The U.S. Takes Action To Minimize Animal Testing

Animal activists are praising the first update to a substance-testing law in over 20 years.
President Barack Obama is flanked by members of Congress as he signs the revised Toxic Substances Control Act, which includes new protections against animal testing.
President Barack Obama is flanked by members of Congress as he signs the revised Toxic Substances Control Act, which includes new protections against animal testing.
Mark Wilson via Getty Images

Animal rights groups are celebrating President Barack Obama signing a new chemical safety law on Wednesday that includes a groundbreaking condemnation of animal testing.

The revised Toxic Substances Control Act, which Obama signed with bipartisan support, had not been updated for more than 20 years. It now includes a provision discouraging the use of chemical testing on vertebrate animals and requiring the Environmental Protection Agency to create and promote a database of alternative testing methods.

The provision marks the first time Congress has ever issued an "explicit decree ... to minimize animal testing and to create a clear preference for the development and use of alternative methods and strategies," said Wayne Pacelle, president and CEO of the Humane Society of the United States.

The updated law "will almost certainly accelerate the movement away from animal tests for chemicals, pesticides, biocides, cosmetics, and other potentially dangerous substances in risk assessment protocols or for safety substantiation," he wrote in a blog post.

The provision gives the EPA two years to create and implement a plan promoting the development of alternative testing methods.
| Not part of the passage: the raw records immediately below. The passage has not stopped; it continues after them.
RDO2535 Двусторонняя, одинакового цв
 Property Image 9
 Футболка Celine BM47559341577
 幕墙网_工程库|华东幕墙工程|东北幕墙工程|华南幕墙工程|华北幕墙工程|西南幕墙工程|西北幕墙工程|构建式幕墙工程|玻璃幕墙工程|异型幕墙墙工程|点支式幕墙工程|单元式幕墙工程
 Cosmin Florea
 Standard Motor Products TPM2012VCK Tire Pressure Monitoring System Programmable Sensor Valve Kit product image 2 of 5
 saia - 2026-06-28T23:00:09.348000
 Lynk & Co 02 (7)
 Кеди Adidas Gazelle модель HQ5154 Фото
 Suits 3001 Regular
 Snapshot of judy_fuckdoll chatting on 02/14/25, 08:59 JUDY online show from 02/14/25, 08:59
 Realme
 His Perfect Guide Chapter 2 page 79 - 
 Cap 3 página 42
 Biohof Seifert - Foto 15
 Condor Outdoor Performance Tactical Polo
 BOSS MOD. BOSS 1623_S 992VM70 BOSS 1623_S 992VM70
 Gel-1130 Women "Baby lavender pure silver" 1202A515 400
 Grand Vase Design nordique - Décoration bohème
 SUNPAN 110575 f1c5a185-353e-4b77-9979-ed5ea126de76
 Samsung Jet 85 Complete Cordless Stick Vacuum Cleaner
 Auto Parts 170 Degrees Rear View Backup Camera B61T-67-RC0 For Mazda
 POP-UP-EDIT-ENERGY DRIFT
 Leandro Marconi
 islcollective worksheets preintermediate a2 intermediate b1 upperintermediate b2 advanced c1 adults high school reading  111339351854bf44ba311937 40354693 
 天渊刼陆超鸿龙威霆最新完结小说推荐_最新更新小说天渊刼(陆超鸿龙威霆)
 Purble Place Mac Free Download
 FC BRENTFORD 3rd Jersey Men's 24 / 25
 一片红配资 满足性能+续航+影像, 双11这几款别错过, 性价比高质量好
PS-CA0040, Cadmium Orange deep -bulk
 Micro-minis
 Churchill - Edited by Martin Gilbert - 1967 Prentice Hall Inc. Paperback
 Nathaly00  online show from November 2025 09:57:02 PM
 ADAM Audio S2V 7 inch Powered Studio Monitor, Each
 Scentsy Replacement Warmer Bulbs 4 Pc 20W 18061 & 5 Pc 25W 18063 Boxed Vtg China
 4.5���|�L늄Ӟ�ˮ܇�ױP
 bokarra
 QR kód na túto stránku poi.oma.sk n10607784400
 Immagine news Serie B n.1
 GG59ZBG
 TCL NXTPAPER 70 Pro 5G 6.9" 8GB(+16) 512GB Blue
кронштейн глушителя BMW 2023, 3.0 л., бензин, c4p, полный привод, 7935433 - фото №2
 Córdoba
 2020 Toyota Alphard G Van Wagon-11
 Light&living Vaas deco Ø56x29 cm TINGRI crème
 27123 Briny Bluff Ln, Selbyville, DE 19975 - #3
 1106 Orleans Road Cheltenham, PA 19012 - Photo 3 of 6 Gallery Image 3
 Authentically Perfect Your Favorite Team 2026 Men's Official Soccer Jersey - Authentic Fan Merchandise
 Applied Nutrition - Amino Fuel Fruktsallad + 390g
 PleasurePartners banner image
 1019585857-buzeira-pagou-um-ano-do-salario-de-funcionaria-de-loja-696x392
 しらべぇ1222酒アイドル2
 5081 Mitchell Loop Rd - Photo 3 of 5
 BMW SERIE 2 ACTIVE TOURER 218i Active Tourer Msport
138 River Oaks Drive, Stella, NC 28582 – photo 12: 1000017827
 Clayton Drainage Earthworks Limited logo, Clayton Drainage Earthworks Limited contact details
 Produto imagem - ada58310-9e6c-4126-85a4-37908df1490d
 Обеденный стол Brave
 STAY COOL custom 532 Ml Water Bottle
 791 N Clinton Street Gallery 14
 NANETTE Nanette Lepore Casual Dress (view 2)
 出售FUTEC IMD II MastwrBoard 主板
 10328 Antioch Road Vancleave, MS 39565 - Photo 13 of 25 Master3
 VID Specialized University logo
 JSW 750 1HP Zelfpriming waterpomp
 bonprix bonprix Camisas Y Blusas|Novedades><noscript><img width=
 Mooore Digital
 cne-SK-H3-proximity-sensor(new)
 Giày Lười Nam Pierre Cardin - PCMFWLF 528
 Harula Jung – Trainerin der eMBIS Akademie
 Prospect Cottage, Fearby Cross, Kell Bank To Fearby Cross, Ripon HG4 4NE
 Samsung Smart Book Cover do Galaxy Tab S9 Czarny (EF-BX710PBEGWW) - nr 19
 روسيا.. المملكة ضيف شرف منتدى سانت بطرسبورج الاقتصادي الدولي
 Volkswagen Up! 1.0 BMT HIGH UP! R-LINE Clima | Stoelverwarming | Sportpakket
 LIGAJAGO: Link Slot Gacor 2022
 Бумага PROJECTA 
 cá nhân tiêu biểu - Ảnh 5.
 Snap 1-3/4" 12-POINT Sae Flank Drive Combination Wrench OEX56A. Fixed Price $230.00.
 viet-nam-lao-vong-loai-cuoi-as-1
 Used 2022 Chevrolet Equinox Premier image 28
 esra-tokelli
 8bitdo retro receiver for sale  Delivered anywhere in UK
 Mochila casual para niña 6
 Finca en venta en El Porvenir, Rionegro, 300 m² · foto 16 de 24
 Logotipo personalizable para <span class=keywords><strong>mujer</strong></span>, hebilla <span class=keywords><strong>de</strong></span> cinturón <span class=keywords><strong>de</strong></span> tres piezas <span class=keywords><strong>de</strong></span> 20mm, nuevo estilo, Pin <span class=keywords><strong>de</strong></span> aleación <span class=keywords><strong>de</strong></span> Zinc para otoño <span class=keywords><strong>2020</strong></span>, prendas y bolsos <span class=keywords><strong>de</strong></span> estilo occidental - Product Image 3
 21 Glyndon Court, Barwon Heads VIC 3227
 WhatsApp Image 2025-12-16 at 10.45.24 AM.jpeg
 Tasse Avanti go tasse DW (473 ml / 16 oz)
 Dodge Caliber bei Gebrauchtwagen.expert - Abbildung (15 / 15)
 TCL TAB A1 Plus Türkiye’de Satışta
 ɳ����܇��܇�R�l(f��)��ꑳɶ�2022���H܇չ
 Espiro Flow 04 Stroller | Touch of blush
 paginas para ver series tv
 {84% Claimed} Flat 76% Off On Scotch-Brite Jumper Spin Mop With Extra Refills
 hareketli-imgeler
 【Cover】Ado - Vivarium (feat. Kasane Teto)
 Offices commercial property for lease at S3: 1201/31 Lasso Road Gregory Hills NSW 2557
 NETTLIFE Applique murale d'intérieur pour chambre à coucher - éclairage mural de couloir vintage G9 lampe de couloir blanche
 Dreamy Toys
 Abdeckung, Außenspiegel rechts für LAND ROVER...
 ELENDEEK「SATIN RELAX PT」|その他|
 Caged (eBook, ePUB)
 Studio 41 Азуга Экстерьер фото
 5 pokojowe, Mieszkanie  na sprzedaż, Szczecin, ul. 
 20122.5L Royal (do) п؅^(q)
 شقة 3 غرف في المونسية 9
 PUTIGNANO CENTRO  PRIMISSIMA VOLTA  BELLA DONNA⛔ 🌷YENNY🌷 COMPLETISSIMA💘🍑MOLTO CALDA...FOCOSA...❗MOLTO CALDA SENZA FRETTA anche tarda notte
"TSCA reform will not only spare hundreds of thousands of animals from enormous suffering, but will also encourage the continued modernization of chemical testing and the development of alternatives," Crystal Schaeffer, the outreach director for the American Anti-Vivisection Society, wrote in an email to The Huffington Post.

Examples in the law's new provision include using in vitro methods to test isolated human cells against chemicals, computer modeling the chemicals' effects and using data to better identify which chemicals we already know are safe.

Sen. Cory Booker (D-N.J.), who has a long track record of urging compassion for animals, spearheaded the animal testing provision. In recent years he has co-sponsored acts strengthening laws against soring show horses -- the practice of inflicting pain to a horse's legs so that they walk with a higher gait -- and banning horse slaughtering.

The Dodo noted he also opposed the Sportmen's Act last year, which would have "lowered protections for federal lands and wilderness areas, encouraged hunting of threatened polar bears and blocked checks on toxic lead ammunition, which can hurt animals and the environment."